Yeni nesil dizileme; DNA, RNA dizileme ve varyant / mutasyon tespiti için yeni bir teknolojidir.[1] Yeni nesil dizileme aynı zamanda büyük paralel sıralama veya ikinci nesil sıralama olarak da adlandırılmaktadır.[2] Yeni nesil dizileme, DNA fragmanlarını (veya tamamlayıcı DNA'yı) aynı anda sıralamanın bir yöntemidir.[3] Milyonlarca ila milyarlarca DNA nükleotidi paralel olarak sıralanabilmektedir. Giga baz boyutta okumaları oluşturmak için gereken süre yalnızca birkaç gün veya saattir.[4] Parça klonlama yöntemlerine (bkz: Sanger dizilemesi) olan ihtiyacı en aza indirmektedir. Ayrıca, önemli ölçüde daha fazla verim sağlanmaktadır.[5] İlk ticari yeni nesil dizileme teknolojisi, 2004 yılında 454 Life Sciences tarafından tanıtılmış, daha sonra Roche tarafından satın alınmıştır.[6]
Yeni nesil dizileme süreci; DNA / RNA'yı birden fazla parçaya ayırmayı, adaptörler eklemeyi, kitaplıkları dizilemeyi ve bir genomik dizi oluşturmak için yeniden birleştirmeyi içermektedir. Prensip olarak, kapiler elektroforeze benzemektedir. En önemli fark, yeni nesil dizilemenin milyonlarca parçayı büyük ölçüde paralel bir şekilde sıralaması ve sıralamanın maliyetini düşürürken hızı ve doğruluğu artırmasıdır.[7] Yeni nesil dizileme yöntemi, sentez yoluyla dizileme ve DNA zincirlerine dahil edildiklerinde tek bazların tanımlanmasını sağlayan tersinir sonlandırıcılara dayanmaktadır.[8]
Kütüphane hazırlığı: Kan örneğinden alınan genomik DNA (gDNA), ultrasonik kesme yolu ile uzunluğu 200-500 bp olan DNA parçası haline getirilmektedir. 5 ve 3’ adaptörleri DNA parçalarının her iki ucuna eklenmektedir. Adaptörle bağlanmış fragmanlar PCR ile çoğaltılıp jel ile saflaştırılmaktadır. Böylece sıralama kitaplığı oluşturulmaktadır.[8]
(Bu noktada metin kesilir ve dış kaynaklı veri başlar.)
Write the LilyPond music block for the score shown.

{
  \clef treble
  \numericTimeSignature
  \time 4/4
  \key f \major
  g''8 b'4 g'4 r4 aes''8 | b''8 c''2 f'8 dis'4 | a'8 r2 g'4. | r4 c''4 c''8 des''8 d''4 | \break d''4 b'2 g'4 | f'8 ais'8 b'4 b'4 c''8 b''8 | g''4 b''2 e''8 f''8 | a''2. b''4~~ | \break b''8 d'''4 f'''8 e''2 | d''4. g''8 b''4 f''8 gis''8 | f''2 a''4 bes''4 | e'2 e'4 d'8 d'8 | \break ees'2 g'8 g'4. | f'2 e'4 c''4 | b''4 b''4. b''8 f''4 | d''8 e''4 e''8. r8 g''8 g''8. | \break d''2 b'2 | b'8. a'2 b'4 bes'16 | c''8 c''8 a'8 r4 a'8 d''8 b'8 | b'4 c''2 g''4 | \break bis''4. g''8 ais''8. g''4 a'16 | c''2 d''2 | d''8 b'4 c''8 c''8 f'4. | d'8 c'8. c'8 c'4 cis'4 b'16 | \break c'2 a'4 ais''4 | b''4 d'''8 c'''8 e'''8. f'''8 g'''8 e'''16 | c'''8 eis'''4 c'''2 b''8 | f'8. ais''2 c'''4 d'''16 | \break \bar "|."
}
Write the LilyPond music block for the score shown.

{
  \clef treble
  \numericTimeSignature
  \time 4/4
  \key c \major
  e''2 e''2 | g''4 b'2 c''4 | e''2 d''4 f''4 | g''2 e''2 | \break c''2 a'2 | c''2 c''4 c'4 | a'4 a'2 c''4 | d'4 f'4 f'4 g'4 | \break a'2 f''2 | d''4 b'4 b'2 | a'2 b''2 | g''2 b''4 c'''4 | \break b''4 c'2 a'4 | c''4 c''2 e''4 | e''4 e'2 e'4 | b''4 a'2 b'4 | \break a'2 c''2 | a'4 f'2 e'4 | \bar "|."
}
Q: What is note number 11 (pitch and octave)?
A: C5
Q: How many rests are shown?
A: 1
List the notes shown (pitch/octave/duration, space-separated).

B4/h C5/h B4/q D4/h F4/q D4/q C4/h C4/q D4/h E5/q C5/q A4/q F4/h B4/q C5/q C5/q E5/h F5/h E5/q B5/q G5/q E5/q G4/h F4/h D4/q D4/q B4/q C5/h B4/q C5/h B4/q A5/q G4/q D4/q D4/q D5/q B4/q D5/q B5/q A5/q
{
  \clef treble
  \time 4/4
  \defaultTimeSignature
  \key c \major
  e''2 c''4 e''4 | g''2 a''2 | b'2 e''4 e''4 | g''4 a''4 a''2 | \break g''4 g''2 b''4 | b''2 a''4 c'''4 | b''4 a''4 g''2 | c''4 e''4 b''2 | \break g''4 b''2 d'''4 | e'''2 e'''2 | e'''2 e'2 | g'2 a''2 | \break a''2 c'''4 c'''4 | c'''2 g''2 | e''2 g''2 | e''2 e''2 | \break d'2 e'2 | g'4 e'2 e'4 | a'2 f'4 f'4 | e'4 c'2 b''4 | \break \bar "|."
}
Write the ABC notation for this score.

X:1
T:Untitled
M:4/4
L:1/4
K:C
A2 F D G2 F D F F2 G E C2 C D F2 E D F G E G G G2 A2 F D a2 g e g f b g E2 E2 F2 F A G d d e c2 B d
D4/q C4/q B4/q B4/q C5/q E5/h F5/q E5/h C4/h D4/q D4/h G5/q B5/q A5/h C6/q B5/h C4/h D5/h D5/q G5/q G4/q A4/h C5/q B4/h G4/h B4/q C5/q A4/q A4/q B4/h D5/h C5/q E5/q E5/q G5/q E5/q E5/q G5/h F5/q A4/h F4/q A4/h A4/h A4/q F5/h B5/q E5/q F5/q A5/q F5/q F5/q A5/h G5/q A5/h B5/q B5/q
Küme oluşturma: Akış hücresi, DNA parçalarını tutmak için üretilen cam sürgülü bir kanaldır. Tüm dizileme, akış hücresinde gerçekleşmektedir. Kütüphanedeki DNA fragmanları; akış hücresinin içinden geçtiklerinde, yüzey şeritlere rastgele bağlanmaktadır. Her şerit, oligonükleotit olarak da bilinen adaptörlere sahiptir. Oligonükleotitler, DNA parçasının uçlarına eklenen adaptörlerle eşleşmektedir. Eşleşmeden sonra DNA polimeraz ve nükleobazlar DNA fragmanına tutunarak, DNA fragmanının oligonükleotitlere göre tamamlanması sağlanmaktadır. Tamamlanan DNA fragmanları, oligonükleotitlerle köprü oluşturarak PCR yöntemiyle çoğaltılmaktadır. Köprü PCR işleminden sonra her bir DNA fragmanı, tek bir DNA şablonunun birçok kopyasını içeren ilgili konumlarında demetler halinde kümelenmektedir. Kümelenmenin amacı, bir araya gelen DNA fragmanlarının sinyal yoğunluğunu yükseltmektir.[8]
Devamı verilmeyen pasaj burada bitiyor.